What you will do: Quote the records exactly, starting at the first line and stopping after the line with "You must check"; skip the pictures.
[Dataset records]
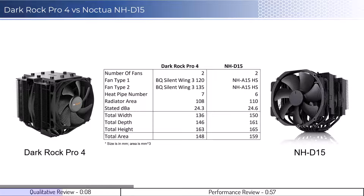Both coolers have two fans, with the D15 using two 150mm fans, while the DarkRock Pro uses a 120mm fan and a 135mm fan. It is possible to add additional fans to the NH-D15, but adding additional fans may cause clearance issues depending on your setup.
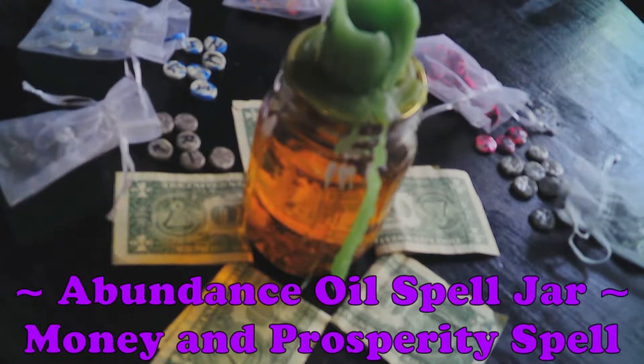This is Random Essence with you today, and it has been one month since we sealed my abundance jar, and it is time to unseal.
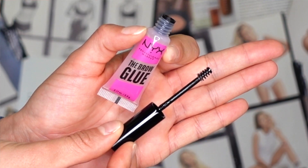The formula is supposed to be non-sticky, which I'm really excited about because I want it to hold throughout the day. It's pretty small, but I love the clear packaging. It has a little spoolie brush to it and kind of smells like glue — very lightly, like school glue, but you have to get really close. The consistency looks kind of thick, so I'm a little nervous, but we'll see.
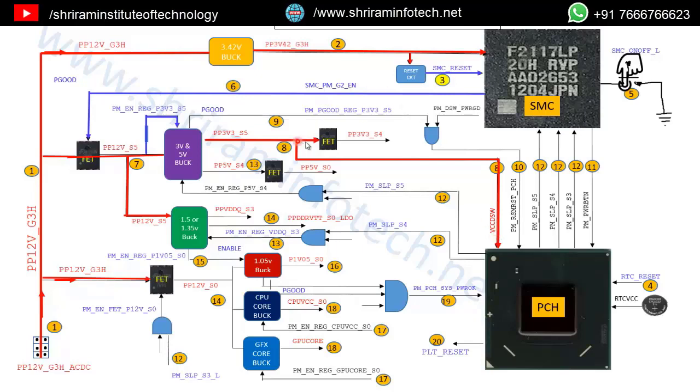You must check this VCCDSW 3V signal; if it is present, steps 1 through 8 are okay. In any iMac there are different power stages: G3H stage, S5 stage, S4 stage, S3 stage, and S0 stage. They turn on one after another. G3H is the off state; once we press the power button, the iMac enters S5 stage, then S4, then S3, and finally S0 — the fully on state where all power sources are active.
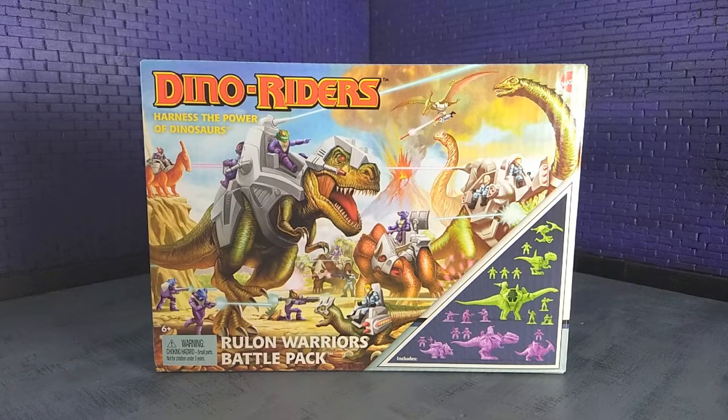How's it going, y'all? Tyrannosaurus Moth here, and tonight we're going to do something a little bit different. We're going to take a quick look at the Entertainment Earth exclusive Dino Riders Rulon Warriors Battle Pack. This seemed to come out of nowhere last year — a new Dino Riders product, which we haven't seen in 30 years. It looks like this might be Mattel testing the waters, seeing if there's still interest in the brand, and I certainly hope that's the case. Let's take a look and see if it is worth your money.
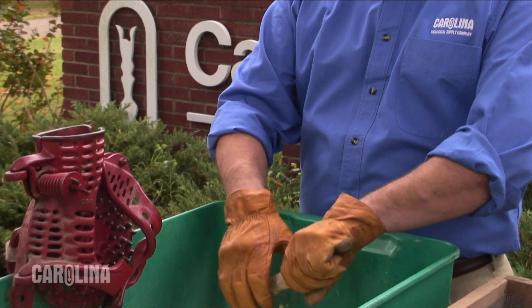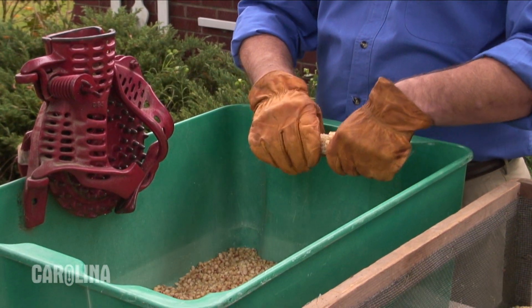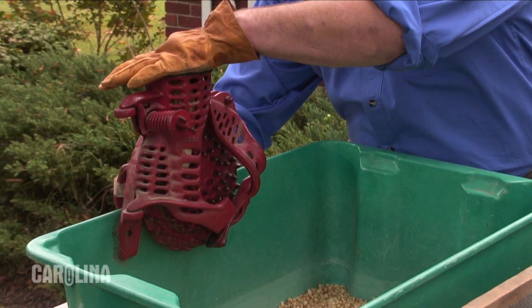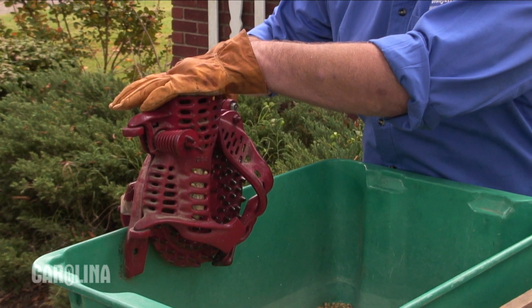The next step is removing the kernels from the cob. This can be done by hand, but as you can see, it can take quite a while and be very tedious. So we do have a mechanism here that allows us to do it much more quickly without damaging the kernels.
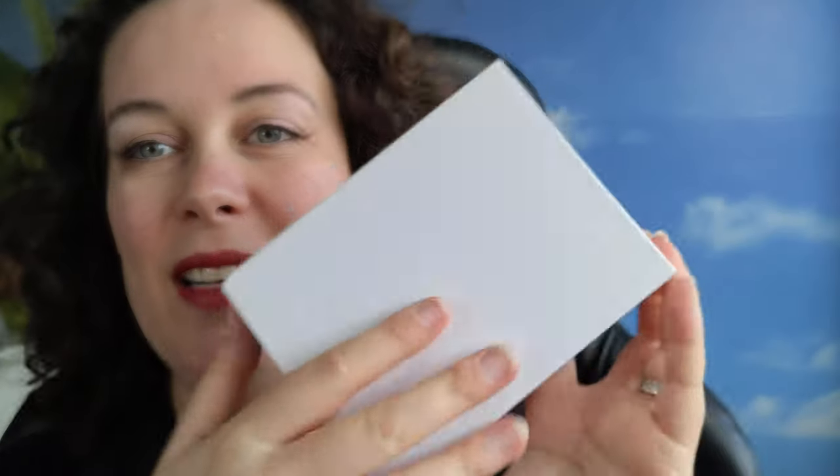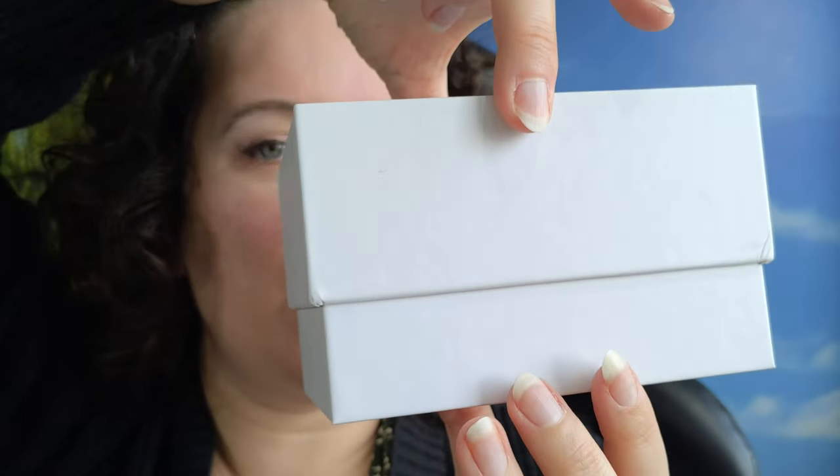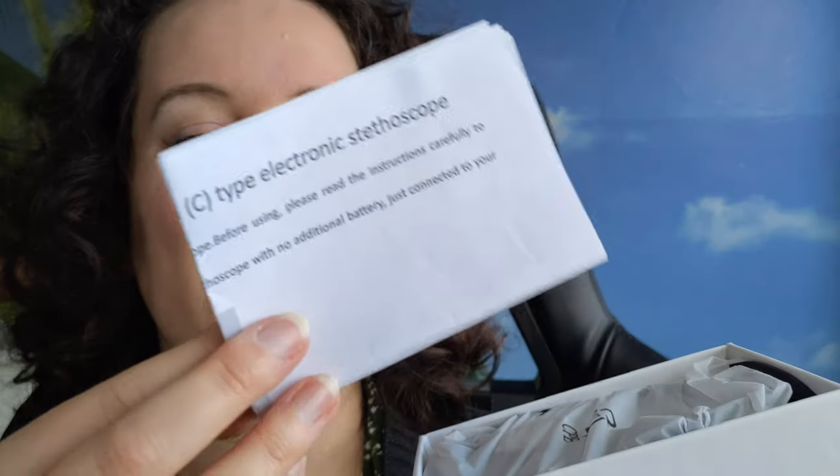Beautiful white box — I can reuse it for some gifts, I'll cover it with something cute. It smells like technical stuff. Here's some information on how to use it. Very curious, but I'll read it without you because that's going to be boring. And then here it is, my sweet little darling.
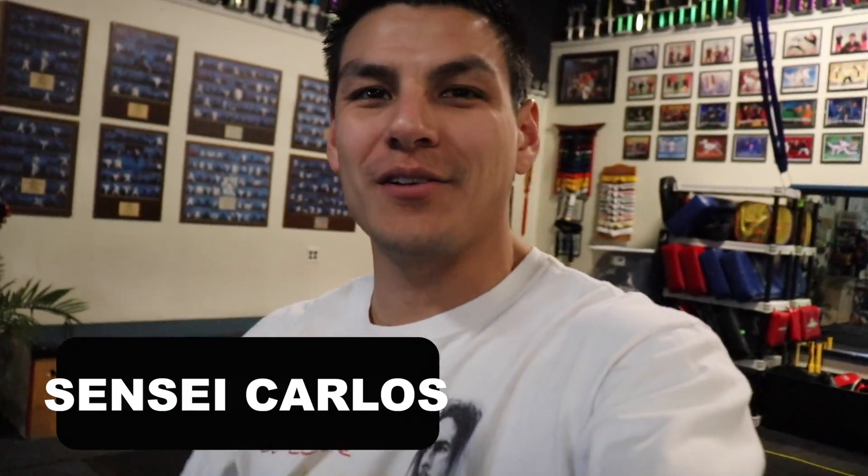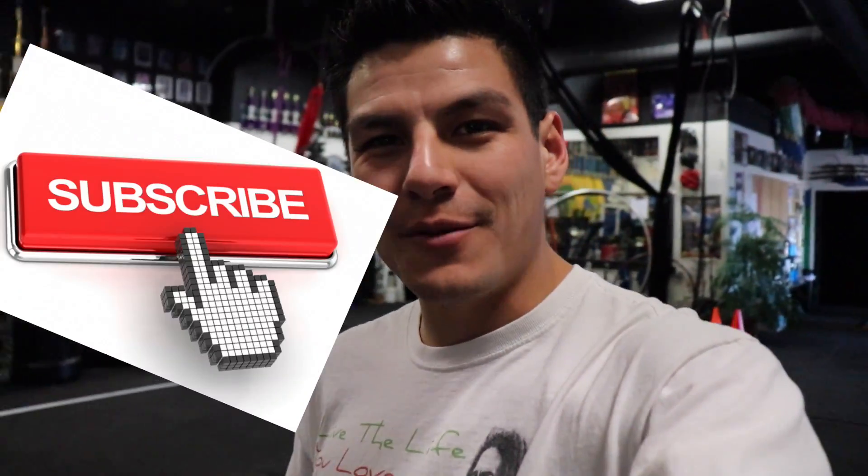What's going on, my ninjas! Welcome back to another ninja vlog, my name is Sensei Carlos. Today we're doing another tutorial — cartwheels! Sweet, short and to the point, that's how I like to keep these tutorials. Do me a favor: hit that subscribe button, hit a thumbs up at the end of this video if you liked it, and don't forget to comment which tutorial you want to see next.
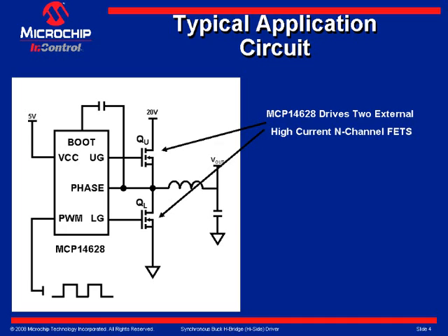The PWM control input signal is supplied to the PWM pin. This tri-state pin controls the state of the upper gate and lower gate pins; placing a voltage equal to VCC over 2 on this pin causes both the upper gate and lower gate to go to a low state. The boot pin is the floating bootstrap supply pin for the high side gate drive — a capacitor is connected between this pin and the phase pin to provide the necessary charge to turn on the high side power MOSFET. The phase pin provides the return path for the high side gate driver, and the source of the high side power MOSFET is connected to this pin.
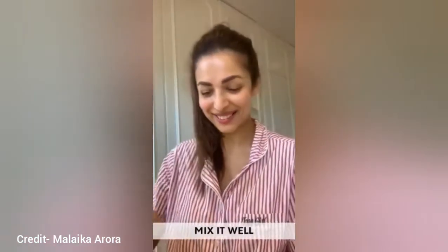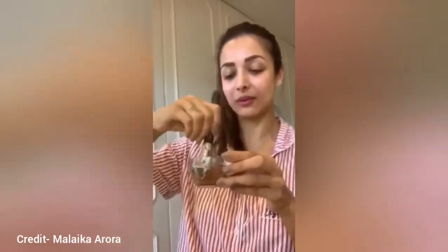All you have to do is mix half a teaspoon of cinnamon powder, some raw honey — a teaspoon of it — and squeeze another teaspoon of lime juice there. Now all you have to do is just mix it up and apply. There you go, it's all mixed up. Looks something like that.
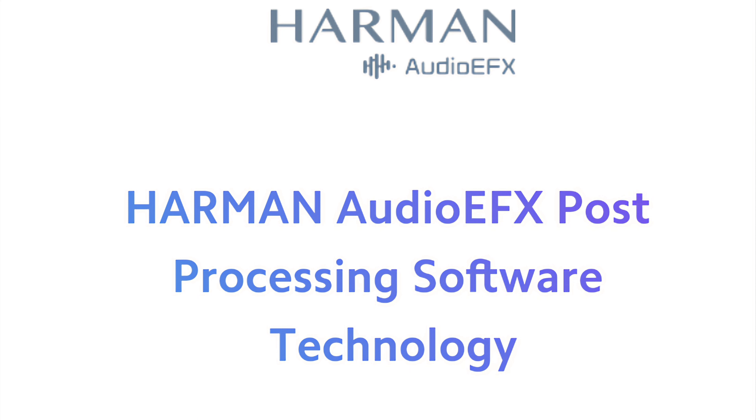The Harman Audio AFX Post Processing Software technology is an audio post-processing sound suite. There are no other differences between the two versions of the Mi Smart Speaker.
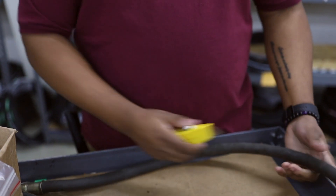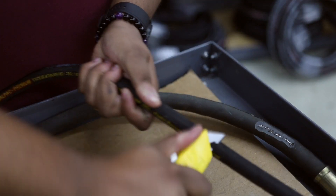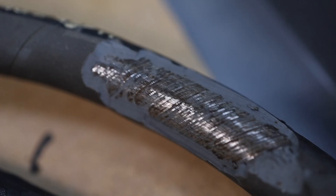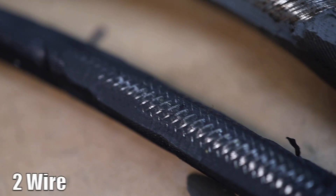The answer is pretty simple. Take a knife, make a good cut in the hose you're replacing, and take a look at the pattern of the wires. If the wire has a spiral pattern, that means it's four wire. If the wire is braided, two wire.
[/Dataset records]
Your response:
Both coolers have two fans, with the D15 using two 150mm fans, while the DarkRock Pro uses a 120mm fan and a 135mm fan. It is possible to add additional fans to the NH-D15, but adding additional fans may cause clearance issues depending on your setup.
This is Random Essence with you today, and it has been one month since we sealed my abundance jar, and it is time to unseal.
The formula is supposed to be non-sticky, which I'm really excited about because I want it to hold throughout the day. It's pretty small, but I love the clear packaging. It has a little spoolie brush to it and kind of smells like glue — very lightly, like school glue, but you have to get really close. The consistency looks kind of thick, so I'm a little nervous, but we'll see.
You must check this VCCDSW 3V signal; if it is present, steps 1 through 8 are okay. In any iMac there are different power stages: G3H stage, S5 stage, S4 stage, S3 stage, and S0 stage. They turn on one after another. G3H is the off state; once we press the power button, the iMac enters S5 stage, then S4, then S3, and finally S0 — the fully on state where all power sources are active.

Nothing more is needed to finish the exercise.